===== Information given =====
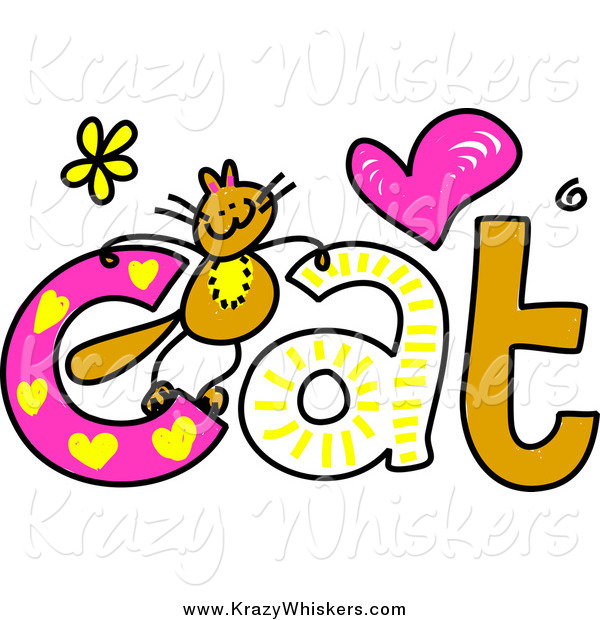 Critter Clipart of a Doodled Kitty on the Word Cat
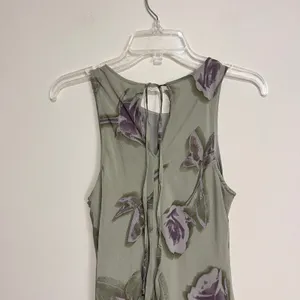 Wild Fable Dress Sleeveless Tank‎ Green Purple Floral Chiffon High Neck Small thumbnail 5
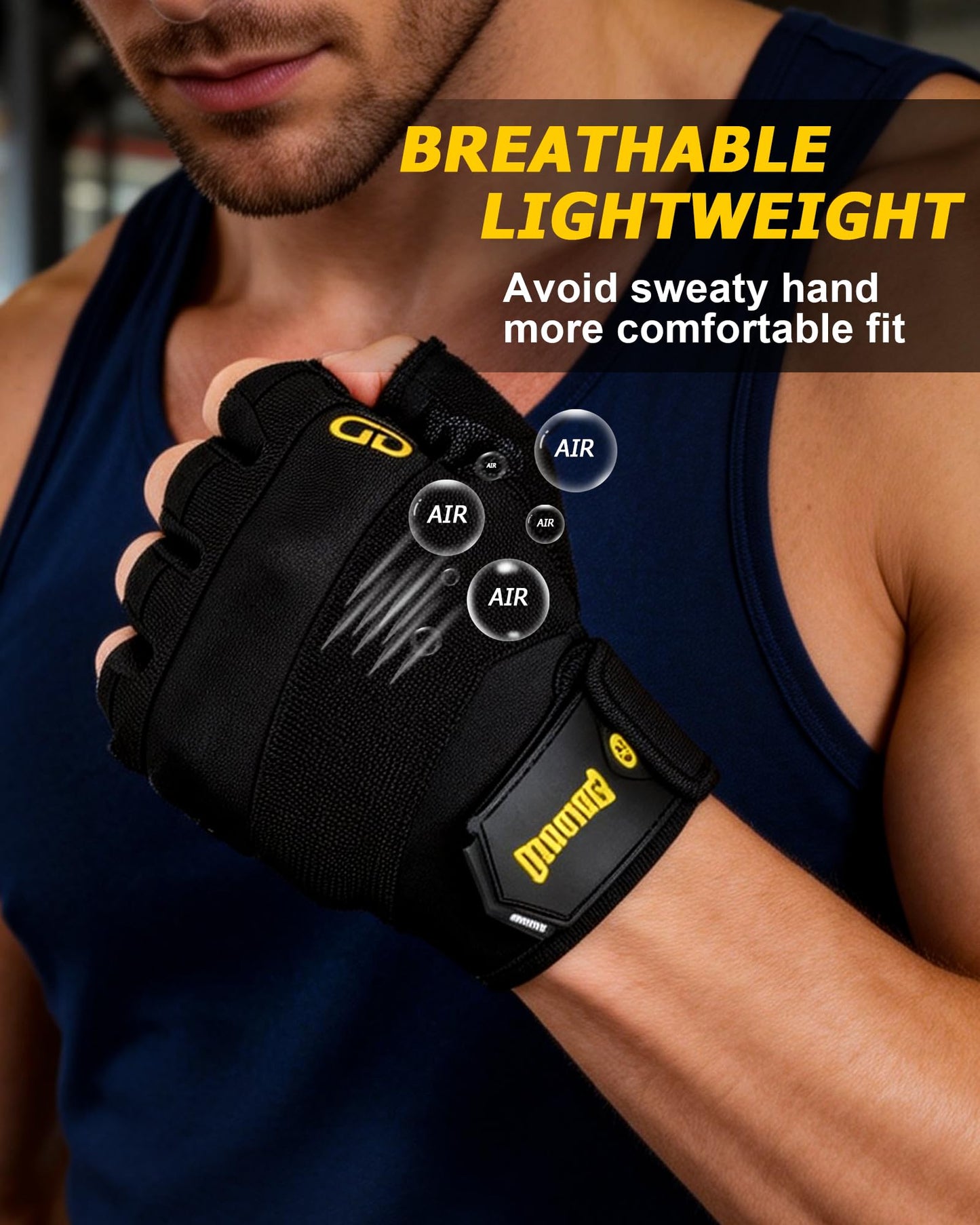 FitDA Workout Gloves for Men & Women - Fingerless Padded Weight Lifting Gloves with Non-Slip Grip & Short Wrist Design, Gym Glove for Training, Exercise, Cycling, and Fitness, L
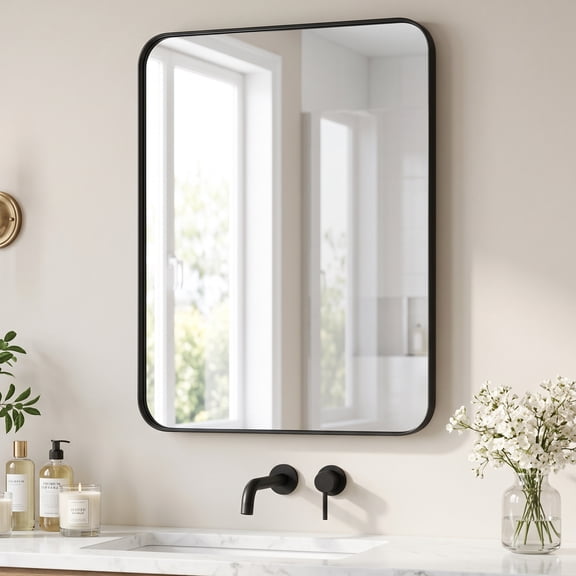 EDX Bathroom Mirror 16"x 20" Wall Mirror with Rectangular Metal Frame, Black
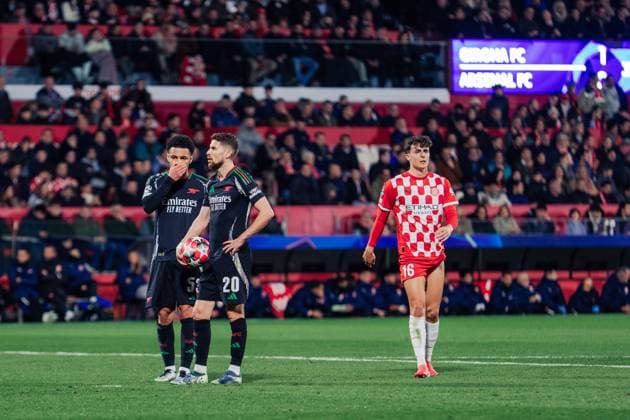 January 29, 2025, Madrid, Madrid, Spain: NWANERI, 53 of Arsenal discusses penalty with teammate JORGINHO, 20 during the match against Girona at Montivili Stadium. Madrid Spain - ZUMAg271 20250129_znp_g271_043 Copyright: xNataliaxGarciax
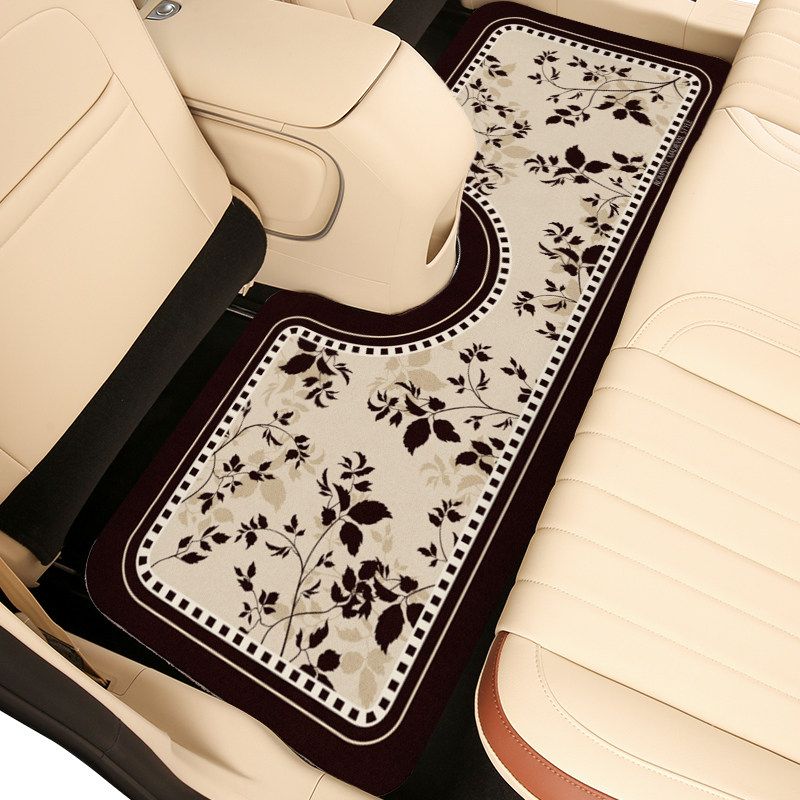 Mats, Retro French-Style Interior Decorative Mats, Non-Slip, Water-Absorbent, Easy-To-Clean Mats, Can Be Cut to Fit, Semi-Enclosed Car Floor Mats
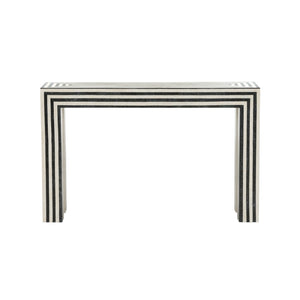 Wildwood Positano Console Table With Tessellated Black & White Stone Stripes, Sleek Cathedral-Inspired Entryway Statement 490836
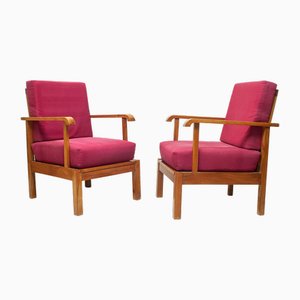 Morris Stühle mit verstellbarer Rückenlehne aus Kirschholz, 1920er, 2er Set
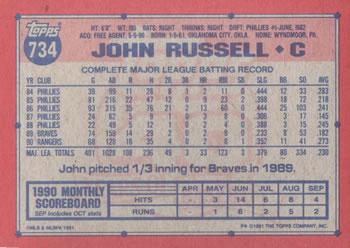 1991 Topps - Desert Shield #734 John Russell Back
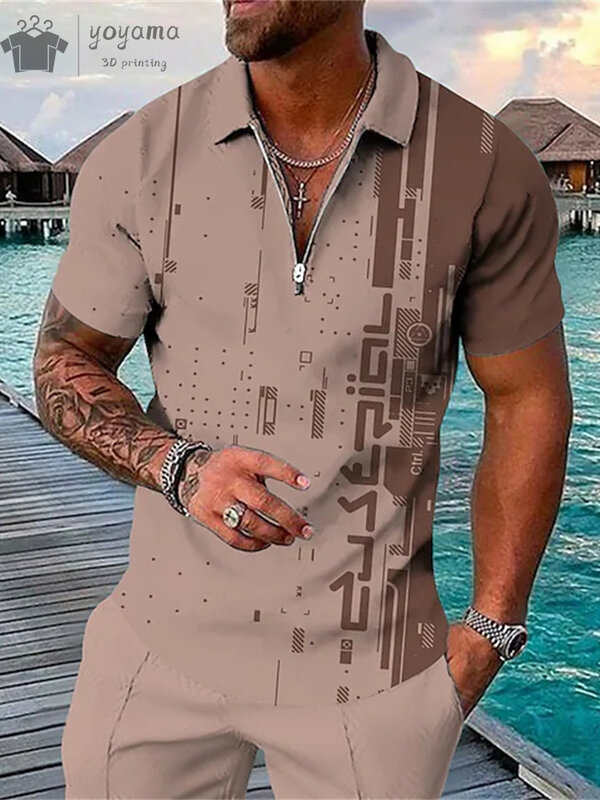 قميص بولو رجالي بسيط بنمط مخطط ، قمصان بأكمام قصيرة وطية صدر ، ملابس جولف خارجية غير رسمية ، موضة الصيف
=====
Exercise: Nothing but the lines from the line containing "Morris Stühle mit" to the end of the records above should be repeated, exactly and with every picture omitted.

Answer to this exercise:
 Morris Stühle mit verstellbarer Rückenlehne aus Kirschholz, 1920er, 2er Set
 1991 Topps - Desert Shield #734 John Russell Back
 قميص بولو رجالي بسيط بنمط مخطط ، قمصان بأكمام قصيرة وطية صدر ، ملابس جولف خارجية غير رسمية ، موضة الصيف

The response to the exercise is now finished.